Emmanuel Macron face à la quadrature des retraites

Alors que de nombreux syndicats appellent à la mobilisation pour le 5 décembre, l'exécutif va devoir décider dans quel sens trancher la réforme la plus risquée de son quinquennat.
Macron a concédé, le 3 octobre à Rodez, que, telle quelle, la réforme léserait certaines catégories.
Macron a concédé, le 3 octobre à Rodez, que, telle quelle, la réforme "léserait" certaines catégories. (Crédits : SIPA)

Le Prix Nobel de littérature Peter Handke avait popularisé dans les années 1970 l'angoisse du gardien de but au moment du penalty. Choisir de bondir d'un côté ou de l'autre au moment où le tireur s'élance, dans l'espoir de capter le ballon.

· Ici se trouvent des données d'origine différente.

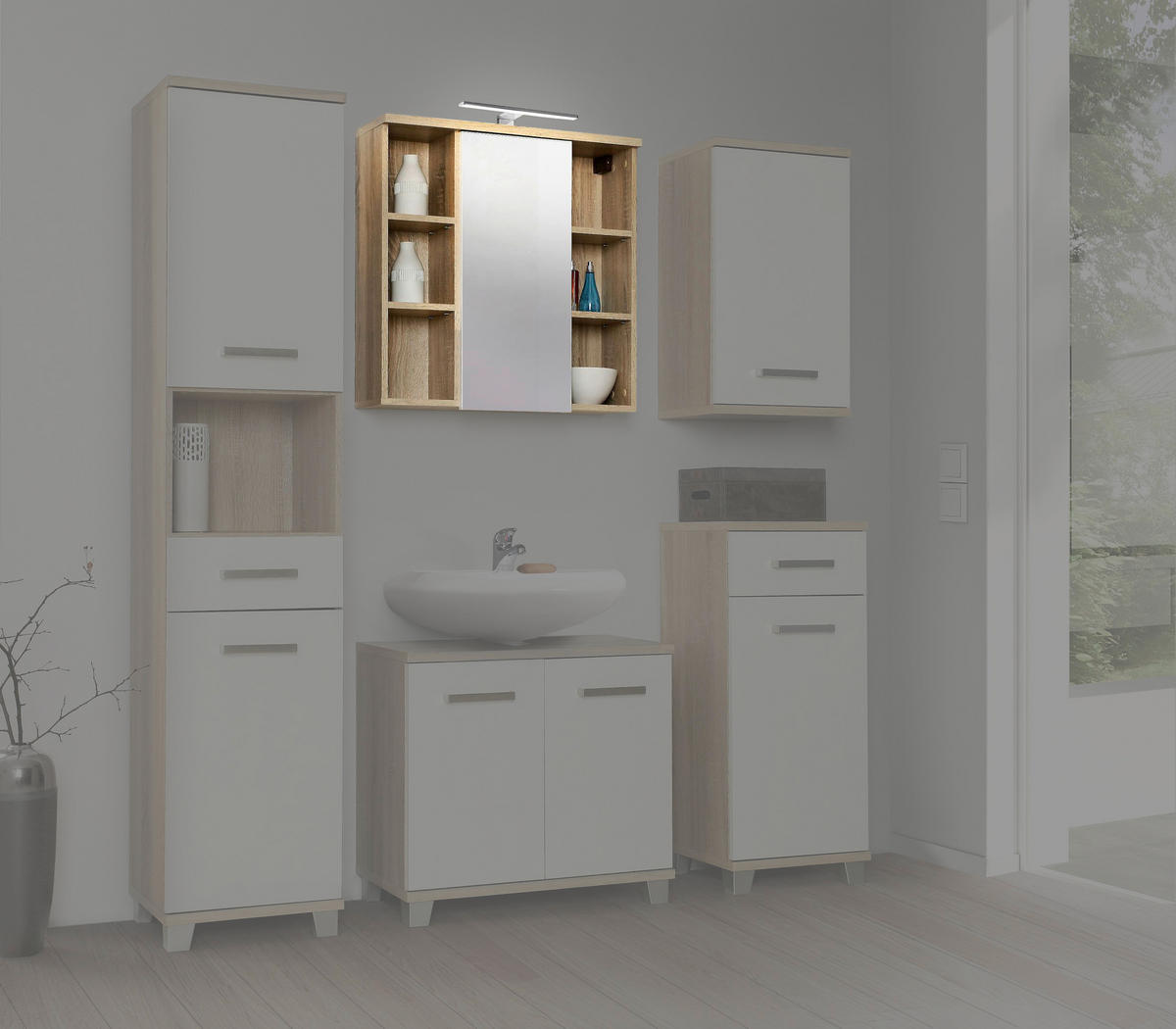Spiegelschrank  Eiche Sonoma Nachbildung B/H/T: ca. 68,6x68,1x20 cm Veris_Spiegelschrank VERH11NB-Q34 - Eiche (68,60/68,10/20,00cm)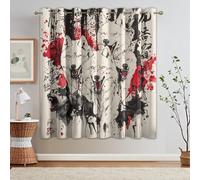 95% Blackout Chinese Curtains for Living Room Bedroom 54 Inch Drop, Japanese Asian Wolf Printed Thermal Eyelet Windows Drapes for Home Decor, 46 x 54, 2 Panels - X306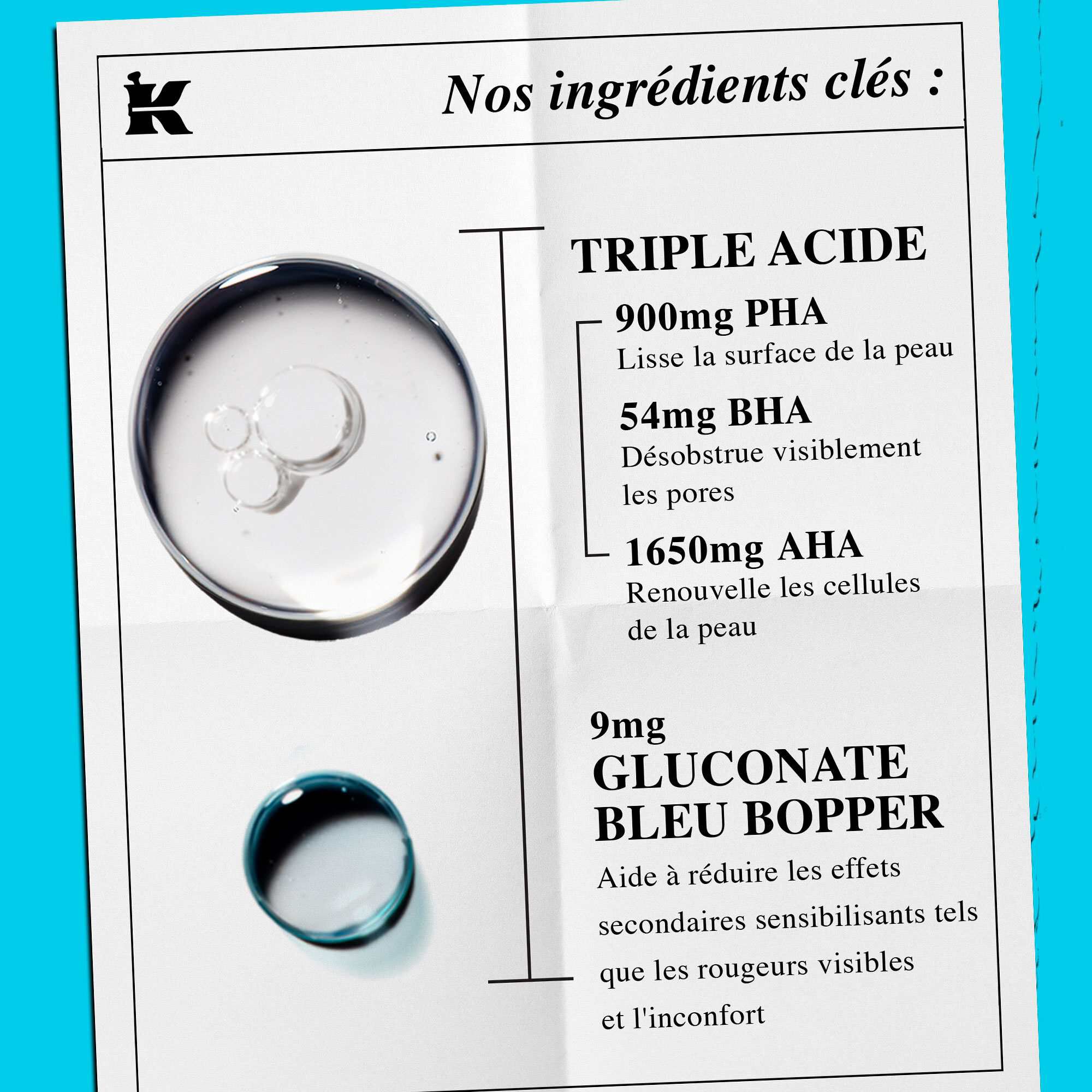 Une analyse de la formule avec un texte soulignant « Triple Acide » et « Gluconate de Cuivre Bleu » comme ingredients cles.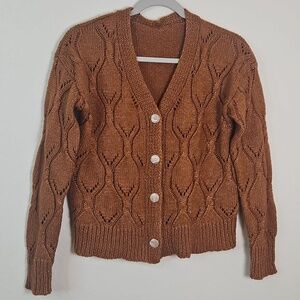 SHEIN Brown Knit Button-Front Cardigan | Women’s Size S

Un sentiment que doit partager le président de la République Emmanuel Macron, à l'instant où il va devoir lui aussi décider de quel côté il doit trancher la réforme des retraites qu'il avait à peine esquissée lors de sa campagne électorale.

L'enjeu est considérable : à la différence du contrat de travail qui ne concernait « que » les salariés du secteur privé (19 millions de personnes quand même), de l'assurance-chômage (3 millions de chômeurs), ou de la SNCF (150 000 agents), la réforme envisagée, qui fusionnerait les 42 systèmes existant dans un seul, dit « universel », concernerait la totalité de la population active française, depuis les apprentis jusqu'aux notaires en passant par les fonctionnaires, les autoentrepreneurs, etc.), soit près de 30 millions de personnes. Édouard Philippe évoque un « nouveau pacte social » entre les Français, une expression bien trop galvaudée pour rendre compte de l'enjeu. Sans craindre le ridicule, il aurait pu utiliser les superlatifs :

« Everest social » pour les férus d'alpinisme, ou « mère des réformes » pour les nostalgiques de Saddam Hussein... « Gouverner, c'est choisir » disait Pierre Mendès France, totem des réformateurs en France. Encore faut-il connaître l'étendue des choix possibles.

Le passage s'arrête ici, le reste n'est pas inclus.